Objection is made to the competency of Frank Chleboun, a witness for the People, who was permitted to testify, over the objection of the defendant. He was examined upon his voir dire, and avowed his belief in the existence of God and “a hereafter;” that he believed if he swore falsely he would be punished under the criminal laws of the State; that he had never thought seriously of whether God would punish him, either in this world or the next, and had never considered the question whether he would be punished for false swearing in any other way than by that inflicted by the law. He had, it seems, no religious belief or conviction of his accountability to the Supreme Being, either in this world or in any after life. The test of the competency of a witness in respect to religious belief, as generally held, is, does the witness believe in God, and that He will punish him if he swears falsely. It is stated by Bapalje, in his Law of Witnesses, (sec. 11,) that “the great weight of authority, in this country, now is, that it is immaterial whether the witness'believes God’s vengeance will overtake him before or after death.” This doctrine was approved in Central Military Tract Railroad Co. v. Rockafellow, 17 Ill. 541, where, after a consideration of the authorities, it was held that all persons are competent to be sworn as witnesses who believe there is a God, and that He will punish them, either in this world or in the next, if they swear falsely; and that a want of such belief rendered them incompetent to take an oath as witnesses. This ease, seemingly, overruled the doctrine of the earlier case of Noble v. The People, Beecher’s Breese, 54. Without pausing here to determine whether the court erred in subjecting the witness to an examination touching his religious belief, (Rapalje on Witnesses, sec. 12, and cases cited,) it may be said that the better practice, and that which now prevails, forbids the examination of the witness in respect thereof on his voir dire. If there was error in this regard it was committed at the instance of the defendant, and in his interest, and he can not complain.
Returning to the question of the competency of the witness, the rule seems to be as above stated, unless changed by constitutional provision or legislative enactment. The tendency of modern times, by the courts and in legislation, is towards liberalizing the rule, and in many jurisdictions incompetency for the want of religious belief has been abolished. See Rapalje bn Witnesses, sec. 13; Wharton on Evidence, sec. 395.
Has the rule announced by this court in Central Military Tract Railroad Co. v. Rockafellow, been changed in this State ? By section 3 of article 2 of the constitution of 1870, it would seem that a radical change was effected in respect to the matter under consideration. This section guarantees non-interference of the State with the religious faith of its citizens. In Chase v. Cheney, 58 Ill. 509, it was said: “The only exception to uncontrolled liberty is, that acts of licentiousness shall not be excused, and practices inconsistent with the peace and safety of the State shall not be justified.” The section provides: “No person shall be denied any civil or political right, privilege or capacity on account of his religious opinions; but the liberty of conscience hereby secured shall not be construed to dispense with oaths, or affirmations, excuse acts of licentiousness, or justify practices inconsistent with the peace or safety of the State.” No religious belief is required to qualify a citizen to take an oath, and no citizen can be excused from taking an oath or affirmation because of his religious belief. The liberty of conscience secured by the constitution is not to be construed as dispensing with oaths or affirmations in cases where the same are required by law. No man, because of his religious belief, is to be held to be excused from taking the prescribed oath of office before entering upon the discharge of the public duty; nor can he be permitted to testify, because of such religious belief, or opinion, except upon taking the oath or making the affirmation required by law. Now, as before the adoption of this provision, oaths are to be taken and affirmations made whenever required by law, but the right to take such oath or make such affirmation, if such right be a civil right, privilege or capacity, can not be denied to any citizen.

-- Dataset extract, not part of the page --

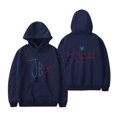thumbnail image 1 of Joshua Bassett Merch hoodies Women Men Long Sleeve Casual Sweatshirt Fashion Streetwear, 1 of 5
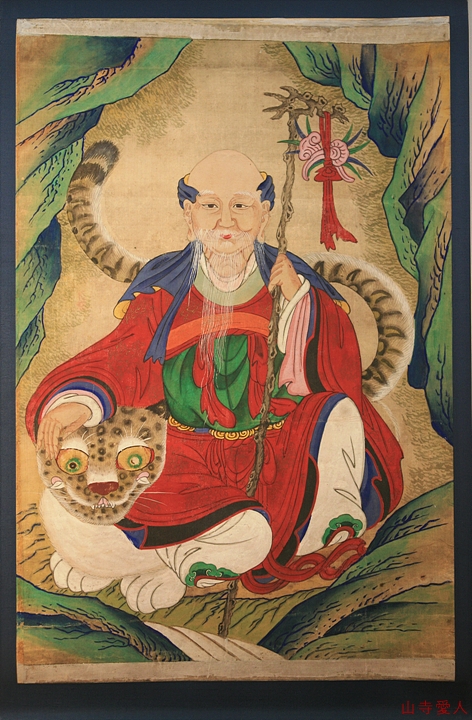 산신도 (국립중앙박물관 불교회화실).jpg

It is said, that one who holds proscribed religious opinions is incompetent,—that is, has not the legal capacity to testify. The incapacity, if it exists, grows out of and is based upon his failure to hold certain religious beliefs and opinions in accord with the prevailing religious opinions of the people, and the contention is, tha,t he should not, hy reason of such incapacity, be permitted to testify, however great and important the interest at stake to himself, his family, his neighbor, or the State. It is clear, from the authorities, that the rule contended for does not apply when the witness is testifying in his. own behalf ; but if the life, liberty, reputation or property of his family or neighbor be involved, or his testimony be necessary to the protection of society, he is, under such rule, to be excluded from the privilege of testifying, in courts of justice because of such incapacity. If it exists at all, the incapacity is created by law, and it is therefore a civil incapacity. The constitution provides that no person shall be denied any civil or political right, privilege or capacity on account of his religious opinions. In Bouvier’s Law Dictionary, capacity is defined to -be “ability; power; qualification or competency of persons, natural or artificial, for the performance of civil acts depending on their state and condition as defined or fixed by law.” It is also defined as follows: “power; competency; qualification; ability; power or qualification to do certain acts. ” Am. and Eng. Ency. of Law.
The obvious meaning of the provision in the constitution is, that whatever civil rights, privileges or capacities belong to or are enjoyed by citizens generally, shall not be taken from or denied to any person on account of his religious opinions. As said by the Court of Appeals of Kentucky, in construing a similar provision of the constitution of that State, in Bush v. Commonwealth, 80 Ky. 244: “It is a declaration of an absolute equality, which is violated when one class of citizens is held to have the civil capacity to testify in a court of justice because they entertain certain opinions in regard to religion, while another class is denied to possess that capacity because they do not conform to the prescribed belief.” It is manifest, that if the legislature may prescribe the test of belief in rewards and punishments, they may impose any other test or qualification that, in the judgment of those entertaining the dominant belief, may be necessary to afford the requisite sanction. In Perry’s case, 3 Gratt. 632, a like conclusion was reached in construing a constitutional provision that “all men shall be free to profess, and, by argument, maintain, their opinions in matters of religion; and the same shall in nowise affect, diminish or enlarge their civil capacities.”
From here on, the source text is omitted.